Las familias (abuelos, madre-padre-hijos, nietos) también logran la solidaridad entre las generaciones mucho más y mejor que otras formas de vida y despliegan una fuerza extraordinaria con respecto a los miembros más débiles.

Además, la familia sigue siendo un recurso para el mundo del trabajo mucho más que a la inversa: en otras palabras, el mundo del trabajo “explota” el recurso familiar y no tiene suficientemente en cuenta las necesidades de la vida familiar. De ahí las enormes dificultades de las familias, sobre todo las que tienen varios hijos, para armonizar la vida familiar y profesional. Es urgente repensar la relación entre la organización del trabajo y la familia.

Por último, la familia es la principal fuente de relaciones de confianza, cooperación y reciprocidad, tanto a nivel interno como externo, en grupos de parentesco, vecindad, amistad y asociaciones. Es un verdadero capital social que subyace a las virtudes sociales (y no sólo individuales).

En definitiva, la familia es una fuente de valor social añadido no sólo porque forma mejores individuos en cuanto a su salud y bienestar, sino también y sobre todo porque genera un tejido social, es decir, una esfera civil y pública, que exige valores y normas para la vida humana y, por tanto, promueve el bien común.

Esta investigación ha demostrado que la familia, ya sea nuclear (predominante en los países más modernizados) o ampliada para incluir el parentesco (en los países en desarrollo), es el principal recurso de la sociedad y sigue siendo la fuente vital de aquellas sociedades que tienen más visión de futuro. La razón es sencilla: de la familia procede el principal capital humano, espiritual y social de la sociedad. El capital civil de la sociedad se genera precisamente por las virtudes únicas e insustituibles de la familia.
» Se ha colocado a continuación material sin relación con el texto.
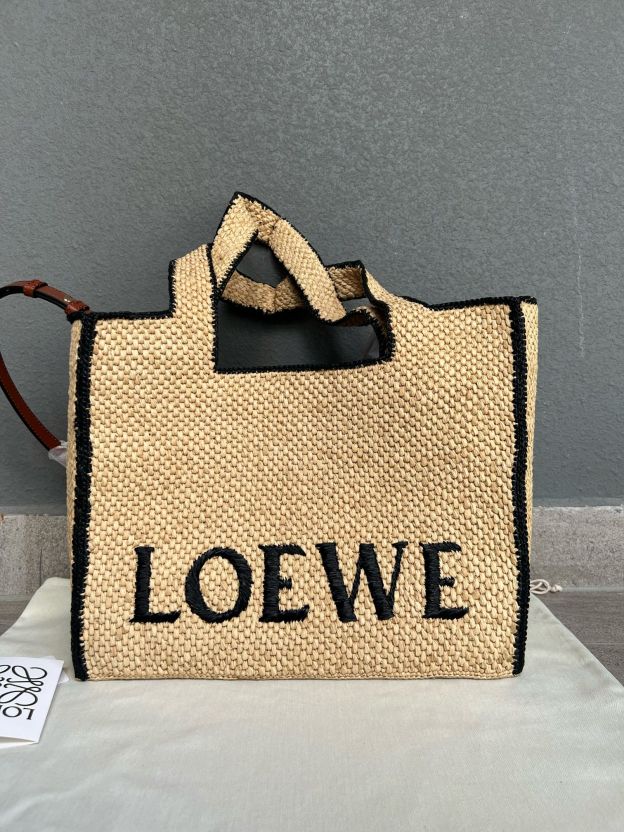 ロエベ「Loewe」Anagram Basket ラージトートバッグ ラフィア素材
Por tanto, la sociedad globalizada puede encontrar un futuro de civilización en la medida en que sea capaz de promover una cultura de la familia que la replantee como un vínculo vital entre la felicidad privada y la felicidad pública. La investigación empírica demuestra que la familia es cada vez más, y no menos, el factor decisivo para el bienestar material y espiritual de las personas. Es a partir de esta dinámica que podemos entender por qué y cómo la familia alimenta esas virtudes, personales y sociales, que hacen que una sociedad sea feliz.

La familia debe volver al centro de la cultura, la política y la economía.

Queridos hermanos -lo digo para concluir y de manera muy concisa pero evidente- estoy convencido de que la familia debe volver a estar en el centro del debate cultural, en el centro de la visión de la política y de la economía misma, así como en nuestras comunidades eclesiales, para no ser una realidad cerrada en sí misma, al contrario, debe ser pensada y realizada como una realidad que va más allá de sí misma. En este sentido, la sociedad globalizada podrá encontrar un futuro de civilización en la medida en que sea capaz de promover una cultura de la familia que la reconsidere como un vínculo vital entre la felicidad privada y la felicidad pública.

Espero sinceramente que el nuevo Centro Asociado del Instituto Juan Pablo II que estamos abriendo aquí en Arecibo, dentro de la acción pastoral más amplia de esta iglesia local, se ponga al servicio de este alto y decisivo propósito.

Pedimos al Señor que bendiga hoy esta misión.